Connelly had a hit last year with another literary adaptation, of Jane Harper’s The Dry. This largely aquatic followup to that outback mystery lacks its firm narrative grip, being structurally complicated without a lot of momentum, or a clear sense of the audience it’s aiming for. (It might play best for tweens.) Nonetheless, it’s a pleasant watch, with plenty of spectacular underwater photography and some good performances, especially from Mitchell. It opens at the Smith Rafael Film Center Fri/3.

If Abby’s adventurousness and environmental conscientiousness from an early age provides good “role model,” her laughable opposite number is Eden (Kate Moyer), the little terror who turns rural kids into a lynch mob in Children of the Corn. The same-named 1977 Stephen King story was previously made into a 1984 feature that wasn’t good, but financially successful enough to launch a long series of worse direct-to-video sequels (nine of them!) you probably never heard of. This latest incarnation is not a remake but a “prequel,” purporting to tell how the original story’s farm town came to be controlled by a cult of murderous juveniles. Directed by Kurt Wimmer, it has sat on a shelf since late 2020, and you will soon understand why.
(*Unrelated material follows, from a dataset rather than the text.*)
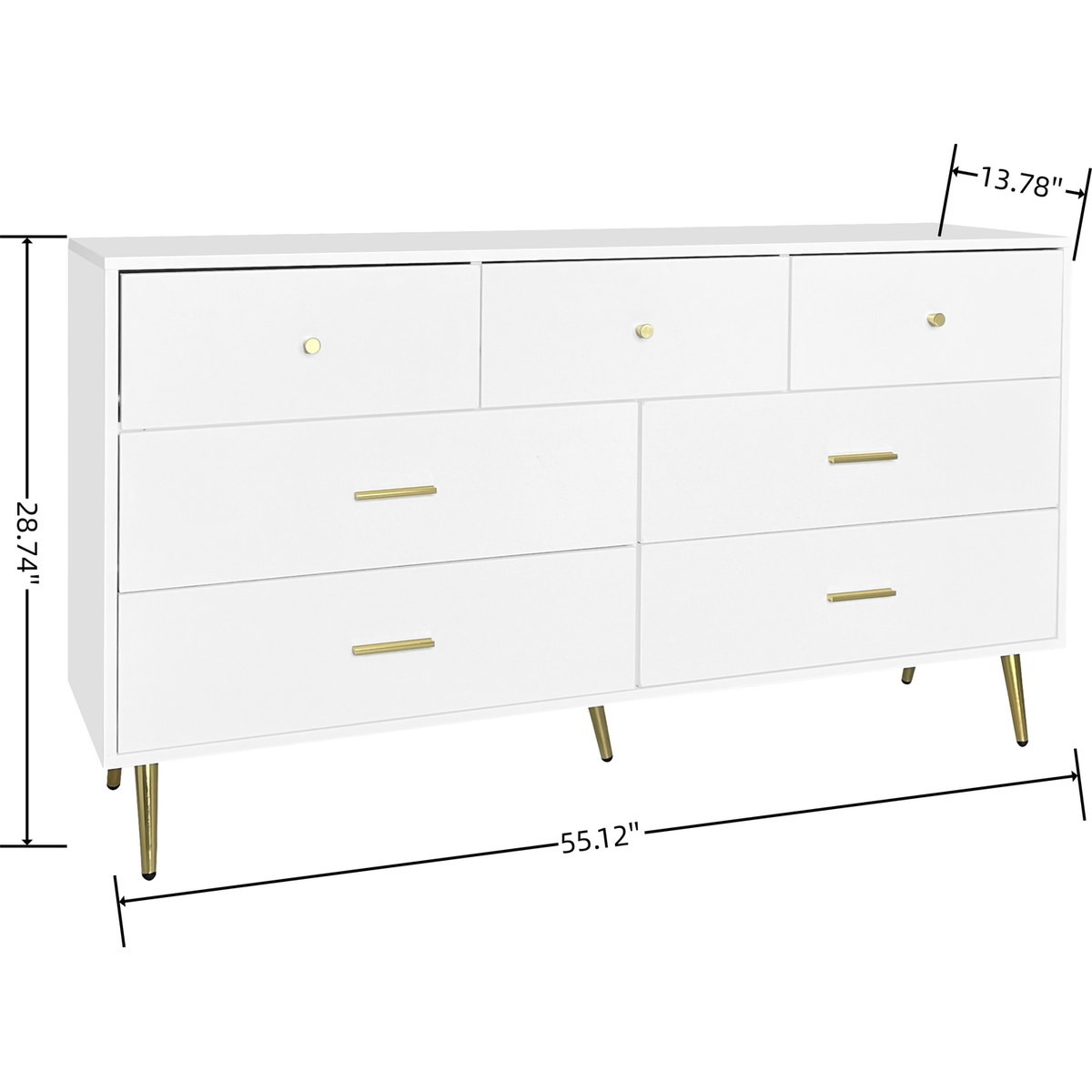 Seven Drawers Large Chest of Drawer Cabinet with Golden Handle and Golden Legs White Color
This grain-belt horror wants to be eco-conscious too, like Blueback. But it ends up handling that agenda in a fashion similar to the way the catastrophic 2006 Wicker Man remake attempted to be kinda-sorta “feminist”: i.e., so stupidly that all concerned end up covered in shame. Experimental pesticides have destroyed the corn crops that Rylstone, Nebraska depends on. While the responsible adults point fingers at one another, their children simply blame all adults. The ringleader in what rapidly becomes a ludicrous killing spree (how do these tots constantly subdue large, resistant grownups?) is creepy Eden, who seems to be under the spell of a supernatural power embodied by the eventually seen He Who Walks Behind the Rows. It’s a giant walking plant monster, a CGI equivalent to the mobile tree stump that strangled people in 1957 drive-in camp classic From Hell It Came.

None of this makes much sense, and by all rights ought to be an unintentional-comedy bonanza. Yet its almost unbelievable awfulness is somehow more painful than fun. You’re always taking a big risk using child actors as villains, as they can’t be expected to summon the required “evil” gravitas. Moyer comes off as no more scary than Peanuts’ Lucy, a harrumphing snippy brat, even as she’s overseeing graphic dismemberments amongst those who’ve “sinned against the corn.” But it’s her movie—possibly the worst Stephen King-related screen enterprise since the man himself directed Maximum Overdrive—that should be repenting. It opens in theaters (mostly suburban ones in the Bay Area) Fri/3, then begins streaming on genre platform Shudder March 21.